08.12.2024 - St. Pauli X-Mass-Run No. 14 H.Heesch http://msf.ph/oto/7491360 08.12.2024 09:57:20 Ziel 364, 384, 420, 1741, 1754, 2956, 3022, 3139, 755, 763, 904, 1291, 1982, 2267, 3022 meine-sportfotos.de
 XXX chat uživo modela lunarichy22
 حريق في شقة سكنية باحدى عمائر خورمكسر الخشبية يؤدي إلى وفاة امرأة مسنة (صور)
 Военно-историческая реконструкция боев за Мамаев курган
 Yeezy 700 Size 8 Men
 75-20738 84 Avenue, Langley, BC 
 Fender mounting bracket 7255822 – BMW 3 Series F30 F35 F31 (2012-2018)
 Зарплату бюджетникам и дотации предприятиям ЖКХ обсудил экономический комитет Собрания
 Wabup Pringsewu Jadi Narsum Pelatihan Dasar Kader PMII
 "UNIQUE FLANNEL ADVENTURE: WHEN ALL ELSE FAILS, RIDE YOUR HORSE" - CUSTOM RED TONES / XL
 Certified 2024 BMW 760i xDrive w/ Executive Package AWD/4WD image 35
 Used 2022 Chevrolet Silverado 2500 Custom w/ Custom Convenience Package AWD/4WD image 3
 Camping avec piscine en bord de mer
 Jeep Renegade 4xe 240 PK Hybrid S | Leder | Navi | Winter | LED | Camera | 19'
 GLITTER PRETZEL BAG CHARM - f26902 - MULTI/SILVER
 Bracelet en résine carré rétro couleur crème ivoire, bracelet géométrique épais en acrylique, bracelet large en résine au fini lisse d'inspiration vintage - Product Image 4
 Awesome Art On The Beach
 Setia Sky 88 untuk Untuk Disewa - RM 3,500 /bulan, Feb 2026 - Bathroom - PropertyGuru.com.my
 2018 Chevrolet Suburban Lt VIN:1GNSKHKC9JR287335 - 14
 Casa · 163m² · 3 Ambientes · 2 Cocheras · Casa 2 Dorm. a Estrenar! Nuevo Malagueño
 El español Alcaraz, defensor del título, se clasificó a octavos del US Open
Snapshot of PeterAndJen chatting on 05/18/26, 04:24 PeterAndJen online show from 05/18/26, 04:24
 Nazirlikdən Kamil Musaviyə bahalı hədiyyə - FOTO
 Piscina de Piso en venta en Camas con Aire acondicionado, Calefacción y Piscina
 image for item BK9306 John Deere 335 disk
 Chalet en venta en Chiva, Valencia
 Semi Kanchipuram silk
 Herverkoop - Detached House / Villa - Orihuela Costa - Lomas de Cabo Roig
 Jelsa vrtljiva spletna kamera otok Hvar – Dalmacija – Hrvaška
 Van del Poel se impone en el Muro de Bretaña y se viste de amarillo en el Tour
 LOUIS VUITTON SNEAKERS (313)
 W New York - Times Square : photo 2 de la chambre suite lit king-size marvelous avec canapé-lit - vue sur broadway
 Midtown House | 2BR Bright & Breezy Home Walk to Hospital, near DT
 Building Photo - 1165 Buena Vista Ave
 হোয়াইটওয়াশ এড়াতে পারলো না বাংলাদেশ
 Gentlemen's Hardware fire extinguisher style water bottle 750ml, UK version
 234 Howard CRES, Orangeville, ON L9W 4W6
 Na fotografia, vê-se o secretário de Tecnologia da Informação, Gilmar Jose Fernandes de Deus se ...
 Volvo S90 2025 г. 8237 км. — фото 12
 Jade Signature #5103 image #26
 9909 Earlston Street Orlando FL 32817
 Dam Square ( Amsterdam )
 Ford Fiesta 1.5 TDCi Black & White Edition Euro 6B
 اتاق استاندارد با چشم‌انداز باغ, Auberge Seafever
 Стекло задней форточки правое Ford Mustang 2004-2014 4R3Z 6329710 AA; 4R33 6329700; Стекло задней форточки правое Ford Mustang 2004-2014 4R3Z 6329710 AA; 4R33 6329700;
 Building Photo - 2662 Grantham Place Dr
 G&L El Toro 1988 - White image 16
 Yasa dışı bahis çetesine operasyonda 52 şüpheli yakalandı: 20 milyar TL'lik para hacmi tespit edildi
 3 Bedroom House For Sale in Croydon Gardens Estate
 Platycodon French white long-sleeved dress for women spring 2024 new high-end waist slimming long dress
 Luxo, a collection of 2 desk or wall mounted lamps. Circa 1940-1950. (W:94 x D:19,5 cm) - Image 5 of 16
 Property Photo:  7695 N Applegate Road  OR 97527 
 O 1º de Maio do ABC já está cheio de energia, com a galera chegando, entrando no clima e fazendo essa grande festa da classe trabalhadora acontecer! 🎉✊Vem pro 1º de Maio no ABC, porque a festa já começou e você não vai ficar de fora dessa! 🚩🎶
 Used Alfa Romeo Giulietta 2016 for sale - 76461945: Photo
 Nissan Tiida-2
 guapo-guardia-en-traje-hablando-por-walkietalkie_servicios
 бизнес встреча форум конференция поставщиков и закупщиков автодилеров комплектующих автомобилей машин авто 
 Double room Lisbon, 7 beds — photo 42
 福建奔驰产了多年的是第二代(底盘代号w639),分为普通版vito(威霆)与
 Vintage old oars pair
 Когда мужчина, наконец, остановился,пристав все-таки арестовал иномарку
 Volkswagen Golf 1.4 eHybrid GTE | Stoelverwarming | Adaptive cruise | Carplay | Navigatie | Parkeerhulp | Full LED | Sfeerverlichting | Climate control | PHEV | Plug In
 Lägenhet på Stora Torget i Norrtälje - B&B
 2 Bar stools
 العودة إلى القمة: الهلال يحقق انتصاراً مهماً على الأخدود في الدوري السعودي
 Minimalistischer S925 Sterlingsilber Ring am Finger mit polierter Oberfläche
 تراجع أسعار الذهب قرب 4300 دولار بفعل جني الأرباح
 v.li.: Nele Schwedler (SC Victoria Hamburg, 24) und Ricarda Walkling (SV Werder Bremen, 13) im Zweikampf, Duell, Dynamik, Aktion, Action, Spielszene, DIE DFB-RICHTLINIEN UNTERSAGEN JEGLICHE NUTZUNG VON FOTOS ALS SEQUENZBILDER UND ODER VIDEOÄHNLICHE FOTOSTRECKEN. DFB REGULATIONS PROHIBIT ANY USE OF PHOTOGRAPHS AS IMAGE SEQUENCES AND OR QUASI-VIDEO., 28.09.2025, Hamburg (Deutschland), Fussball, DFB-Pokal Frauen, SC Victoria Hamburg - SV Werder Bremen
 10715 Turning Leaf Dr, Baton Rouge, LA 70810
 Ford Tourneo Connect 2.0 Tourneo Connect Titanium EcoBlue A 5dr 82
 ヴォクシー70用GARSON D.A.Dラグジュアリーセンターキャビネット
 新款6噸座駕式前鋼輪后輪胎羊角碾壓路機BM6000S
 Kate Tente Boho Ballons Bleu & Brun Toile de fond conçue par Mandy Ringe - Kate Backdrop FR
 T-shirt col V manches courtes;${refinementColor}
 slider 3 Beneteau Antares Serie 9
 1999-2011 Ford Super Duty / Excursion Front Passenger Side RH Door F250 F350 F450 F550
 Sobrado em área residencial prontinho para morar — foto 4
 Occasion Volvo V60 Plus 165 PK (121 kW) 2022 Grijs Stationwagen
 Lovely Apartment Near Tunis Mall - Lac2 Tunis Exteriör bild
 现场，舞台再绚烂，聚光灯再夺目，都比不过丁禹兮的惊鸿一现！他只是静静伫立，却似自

*Assigned task*: When the entries above are retyped, each line must stay exactly as it is.

*Task result*:
08.12.2024 - St. Pauli X-Mass-Run No. 14 H.Heesch http://msf.ph/oto/7491360 08.12.2024 09:57:20 Ziel 364, 384, 420, 1741, 1754, 2956, 3022, 3139, 755, 763, 904, 1291, 1982, 2267, 3022 meine-sportfotos.de
 XXX chat uživo modela lunarichy22
 حريق في شقة سكنية باحدى عمائر خورمكسر الخشبية يؤدي إلى وفاة امرأة مسنة (صور)
 Военно-историческая реконструкция боев за Мамаев курган
 Yeezy 700 Size 8 Men
 75-20738 84 Avenue, Langley, BC 
 Fender mounting bracket 7255822 – BMW 3 Series F30 F35 F31 (2012-2018)
 Зарплату бюджетникам и дотации предприятиям ЖКХ обсудил экономический комитет Собрания
 Wabup Pringsewu Jadi Narsum Pelatihan Dasar Kader PMII
 "UNIQUE FLANNEL ADVENTURE: WHEN ALL ELSE FAILS, RIDE YOUR HORSE" - CUSTOM RED TONES / XL
 Certified 2024 BMW 760i xDrive w/ Executive Package AWD/4WD image 35
 Used 2022 Chevrolet Silverado 2500 Custom w/ Custom Convenience Package AWD/4WD image 3
 Camping avec piscine en bord de mer
 Jeep Renegade 4xe 240 PK Hybrid S | Leder | Navi | Winter | LED | Camera | 19'
 GLITTER PRETZEL BAG CHARM - f26902 - MULTI/SILVER
 Bracelet en résine carré rétro couleur crème ivoire, bracelet géométrique épais en acrylique, bracelet large en résine au fini lisse d'inspiration vintage - Product Image 4
 Awesome Art On The Beach
 Setia Sky 88 untuk Untuk Disewa - RM 3,500 /bulan, Feb 2026 - Bathroom - PropertyGuru.com.my
 2018 Chevrolet Suburban Lt VIN:1GNSKHKC9JR287335 - 14
 Casa · 163m² · 3 Ambientes · 2 Cocheras · Casa 2 Dorm. a Estrenar! Nuevo Malagueño
 El español Alcaraz, defensor del título, se clasificó a octavos del US Open
Snapshot of PeterAndJen chatting on 05/18/26, 04:24 PeterAndJen online show from 05/18/26, 04:24
 Nazirlikdən Kamil Musaviyə bahalı hədiyyə - FOTO
 Piscina de Piso en venta en Camas con Aire acondicionado, Calefacción y Piscina
 image for item BK9306 John Deere 335 disk
 Chalet en venta en Chiva, Valencia
 Semi Kanchipuram silk
 Herverkoop - Detached House / Villa - Orihuela Costa - Lomas de Cabo Roig
 Jelsa vrtljiva spletna kamera otok Hvar – Dalmacija – Hrvaška
 Van del Poel se impone en el Muro de Bretaña y se viste de amarillo en el Tour
 LOUIS VUITTON SNEAKERS (313)
 W New York - Times Square : photo 2 de la chambre suite lit king-size marvelous avec canapé-lit - vue sur broadway
 Midtown House | 2BR Bright & Breezy Home Walk to Hospital, near DT
 Building Photo - 1165 Buena Vista Ave
 হোয়াইটওয়াশ এড়াতে পারলো না বাংলাদেশ
 Gentlemen's Hardware fire extinguisher style water bottle 750ml, UK version
 234 Howard CRES, Orangeville, ON L9W 4W6
 Na fotografia, vê-se o secretário de Tecnologia da Informação, Gilmar Jose Fernandes de Deus se ...
 Volvo S90 2025 г. 8237 км. — фото 12
 Jade Signature #5103 image #26
 9909 Earlston Street Orlando FL 32817
 Dam Square ( Amsterdam )
 Ford Fiesta 1.5 TDCi Black & White Edition Euro 6B
 اتاق استاندارد با چشم‌انداز باغ, Auberge Seafever
 Стекло задней форточки правое Ford Mustang 2004-2014 4R3Z 6329710 AA; 4R33 6329700; Стекло задней форточки правое Ford Mustang 2004-2014 4R3Z 6329710 AA; 4R33 6329700;
 Building Photo - 2662 Grantham Place Dr
 G&L El Toro 1988 - White image 16
 Yasa dışı bahis çetesine operasyonda 52 şüpheli yakalandı: 20 milyar TL'lik para hacmi tespit edildi
 3 Bedroom House For Sale in Croydon Gardens Estate
 Platycodon French white long-sleeved dress for women spring 2024 new high-end waist slimming long dress
 Luxo, a collection of 2 desk or wall mounted lamps. Circa 1940-1950. (W:94 x D:19,5 cm) - Image 5 of 16
 Property Photo:  7695 N Applegate Road  OR 97527 
 O 1º de Maio do ABC já está cheio de energia, com a galera chegando, entrando no clima e fazendo essa grande festa da classe trabalhadora acontecer! 🎉✊Vem pro 1º de Maio no ABC, porque a festa já começou e você não vai ficar de fora dessa! 🚩🎶
 Used Alfa Romeo Giulietta 2016 for sale - 76461945: Photo
 Nissan Tiida-2
 guapo-guardia-en-traje-hablando-por-walkietalkie_servicios
 бизнес встреча форум конференция поставщиков и закупщиков автодилеров комплектующих автомобилей машин авто 
 Double room Lisbon, 7 beds — photo 42
 福建奔驰产了多年的是第二代(底盘代号w639),分为普通版vito(威霆)与
 Vintage old oars pair
 Когда мужчина, наконец, остановился,пристав все-таки арестовал иномарку
 Volkswagen Golf 1.4 eHybrid GTE | Stoelverwarming | Adaptive cruise | Carplay | Navigatie | Parkeerhulp | Full LED | Sfeerverlichting | Climate control | PHEV | Plug In
 Lägenhet på Stora Torget i Norrtälje - B&B
 2 Bar stools
 العودة إلى القمة: الهلال يحقق انتصاراً مهماً على الأخدود في الدوري السعودي
 Minimalistischer S925 Sterlingsilber Ring am Finger mit polierter Oberfläche
 تراجع أسعار الذهب قرب 4300 دولار بفعل جني الأرباح
 v.li.: Nele Schwedler (SC Victoria Hamburg, 24) und Ricarda Walkling (SV Werder Bremen, 13) im Zweikampf, Duell, Dynamik, Aktion, Action, Spielszene, DIE DFB-RICHTLINIEN UNTERSAGEN JEGLICHE NUTZUNG VON FOTOS ALS SEQUENZBILDER UND ODER VIDEOÄHNLICHE FOTOSTRECKEN. DFB REGULATIONS PROHIBIT ANY USE OF PHOTOGRAPHS AS IMAGE SEQUENCES AND OR QUASI-VIDEO., 28.09.2025, Hamburg (Deutschland), Fussball, DFB-Pokal Frauen, SC Victoria Hamburg - SV Werder Bremen
 10715 Turning Leaf Dr, Baton Rouge, LA 70810
 Ford Tourneo Connect 2.0 Tourneo Connect Titanium EcoBlue A 5dr 82
 ヴォクシー70用GARSON D.A.Dラグジュアリーセンターキャビネット
 新款6噸座駕式前鋼輪后輪胎羊角碾壓路機BM6000S
 Kate Tente Boho Ballons Bleu & Brun Toile de fond conçue par Mandy Ringe - Kate Backdrop FR
 T-shirt col V manches courtes;${refinementColor}
 slider 3 Beneteau Antares Serie 9
 1999-2011 Ford Super Duty / Excursion Front Passenger Side RH Door F250 F350 F450 F550
 Sobrado em área residencial prontinho para morar — foto 4
 Occasion Volvo V60 Plus 165 PK (121 kW) 2022 Grijs Stationwagen
 Lovely Apartment Near Tunis Mall - Lac2 Tunis Exteriör bild
 现场，舞台再绚烂，聚光灯再夺目，都比不过丁禹兮的惊鸿一现！他只是静静伫立，却似自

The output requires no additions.